LB Julien Simon – Lincoln (Washington)
Simon is the most recent of all USC’s commits, having announced his commitment on Mother’s Day. Simon is a standout on both sides of the ball for Lincoln, but he will likely start on defense for the Trojans. Simon said new defensive coordinator Todd Orlando envisions him as a rover/outside linebacker in the team’s new 3-4 scheme who can be a hammer against the run.
At 6-2 and over 220 pounds, he has the size to play a wide variety of roles on both sides of the field. On offense, he’s a star WR with over 1,000 receiving yards last season. He also had seven rushing touchdowns in under 40 carries as one of six RB2s on a team with only one option as an RB1. Simon was also Lincoln’s primary returner on special teams.
Defensively, he played more DB than LB with six interceptions and eight passes defensed. Simon has the size, tenacity, and agility to play either linebacker spot. How they use him, and the potential to see the high-4-star recruit used in multiple roles, will be fascinating to watch.
CB Calen Bullock – John Muir
As far as local products go, Bullock is the most recent commit, announcing his decision on April 18. The 4-star ATH prospect could very well play receiver at the Division 1 level (he led Muir with 914 receiving yards last season), returner on special teams, and both safety and cornerback. But corner is the most likely bet going forward, in addition to possibly getting chances to return punts.
At 6-2, 175, Bullock has filling out to do but has the length and athleticism one wants to see at CB or FS. His work on both sides of the field has shown that he’s good in the air and obviously has the hands to pick balls out of the air. As a senior he was tied for the most interceptions on the Mustangs with six.

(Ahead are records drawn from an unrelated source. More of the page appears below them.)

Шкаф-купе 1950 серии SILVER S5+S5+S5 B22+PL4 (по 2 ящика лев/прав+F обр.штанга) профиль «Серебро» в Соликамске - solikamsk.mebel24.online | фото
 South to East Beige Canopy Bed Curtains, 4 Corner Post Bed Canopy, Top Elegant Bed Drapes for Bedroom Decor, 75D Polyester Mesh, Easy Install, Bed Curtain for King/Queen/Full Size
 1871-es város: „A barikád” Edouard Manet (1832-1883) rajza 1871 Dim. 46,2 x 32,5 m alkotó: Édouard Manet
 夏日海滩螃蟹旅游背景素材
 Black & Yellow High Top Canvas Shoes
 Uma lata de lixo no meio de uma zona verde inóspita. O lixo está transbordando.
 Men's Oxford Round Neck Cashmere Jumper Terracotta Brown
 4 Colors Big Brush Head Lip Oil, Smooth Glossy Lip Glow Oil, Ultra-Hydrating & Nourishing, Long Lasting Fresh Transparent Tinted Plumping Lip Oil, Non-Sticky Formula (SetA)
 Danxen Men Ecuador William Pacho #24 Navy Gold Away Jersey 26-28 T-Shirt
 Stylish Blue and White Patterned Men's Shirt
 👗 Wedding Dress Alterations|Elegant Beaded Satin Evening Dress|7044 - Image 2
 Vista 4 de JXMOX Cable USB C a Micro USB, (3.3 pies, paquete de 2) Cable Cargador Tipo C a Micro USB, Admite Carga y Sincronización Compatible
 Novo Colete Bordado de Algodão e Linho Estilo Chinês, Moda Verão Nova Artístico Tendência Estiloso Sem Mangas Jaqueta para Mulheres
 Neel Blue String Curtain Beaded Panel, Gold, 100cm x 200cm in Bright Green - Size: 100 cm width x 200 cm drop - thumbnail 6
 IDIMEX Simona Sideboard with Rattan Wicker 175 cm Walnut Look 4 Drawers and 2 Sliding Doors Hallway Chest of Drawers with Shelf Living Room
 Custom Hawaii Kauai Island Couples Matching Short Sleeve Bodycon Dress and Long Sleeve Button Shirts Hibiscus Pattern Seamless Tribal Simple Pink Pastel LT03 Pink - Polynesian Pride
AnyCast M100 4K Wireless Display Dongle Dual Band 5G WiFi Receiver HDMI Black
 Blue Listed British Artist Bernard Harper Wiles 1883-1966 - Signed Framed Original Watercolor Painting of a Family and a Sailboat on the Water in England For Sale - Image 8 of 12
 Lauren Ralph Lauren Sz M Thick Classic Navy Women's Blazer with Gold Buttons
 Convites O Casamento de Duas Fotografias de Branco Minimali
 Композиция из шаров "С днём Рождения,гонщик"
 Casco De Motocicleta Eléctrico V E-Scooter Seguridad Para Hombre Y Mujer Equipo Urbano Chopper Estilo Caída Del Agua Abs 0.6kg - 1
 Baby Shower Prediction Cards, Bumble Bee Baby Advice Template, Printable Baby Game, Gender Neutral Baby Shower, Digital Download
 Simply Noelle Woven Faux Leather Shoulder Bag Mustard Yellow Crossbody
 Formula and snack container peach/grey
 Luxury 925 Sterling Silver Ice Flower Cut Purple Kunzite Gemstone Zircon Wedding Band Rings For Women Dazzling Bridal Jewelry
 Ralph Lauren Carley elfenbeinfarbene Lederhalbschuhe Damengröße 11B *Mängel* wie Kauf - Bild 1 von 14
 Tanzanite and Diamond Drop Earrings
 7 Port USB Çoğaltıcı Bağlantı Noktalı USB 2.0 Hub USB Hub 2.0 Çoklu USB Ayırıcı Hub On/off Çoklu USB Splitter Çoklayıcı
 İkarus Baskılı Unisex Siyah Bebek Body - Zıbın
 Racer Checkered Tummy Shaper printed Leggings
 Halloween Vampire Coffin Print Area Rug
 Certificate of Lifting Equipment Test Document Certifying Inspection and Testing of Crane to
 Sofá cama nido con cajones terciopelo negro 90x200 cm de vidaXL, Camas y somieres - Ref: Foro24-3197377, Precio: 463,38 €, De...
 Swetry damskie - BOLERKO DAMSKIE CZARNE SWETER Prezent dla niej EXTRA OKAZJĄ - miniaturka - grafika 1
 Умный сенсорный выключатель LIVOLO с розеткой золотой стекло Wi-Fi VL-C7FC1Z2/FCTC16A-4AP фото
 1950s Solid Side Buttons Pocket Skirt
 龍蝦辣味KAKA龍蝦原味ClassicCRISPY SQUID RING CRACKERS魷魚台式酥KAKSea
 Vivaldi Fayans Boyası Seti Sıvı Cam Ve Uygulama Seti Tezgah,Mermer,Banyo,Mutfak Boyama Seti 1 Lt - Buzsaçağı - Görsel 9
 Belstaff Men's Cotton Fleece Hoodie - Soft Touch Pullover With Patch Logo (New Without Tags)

S Anthony Beavers Jr. – Narbonne
Beavers committed to Oregon late in his sophomore year (April 2019), but flipped his commitment after USC hired Donte Williams, the DBs coach and recruiting guru who recruited him. He’s listed as an ATH and has been considered a potential OLB prospect, but will be playing safety at USC, presumably strong safety. The 6-1, 195-pound 4-star prospect is an outstanding hitter who can close gaps quickly and end plays.
S Xamarion Gordon – Warren
Gordon is a very athletic 4-star prospect who can play either safety position. At 6-2, 190, he’d probably need to add a bit more bulk to play strong safety at the college level, but he’s a strong, hard hitter with great closing speed.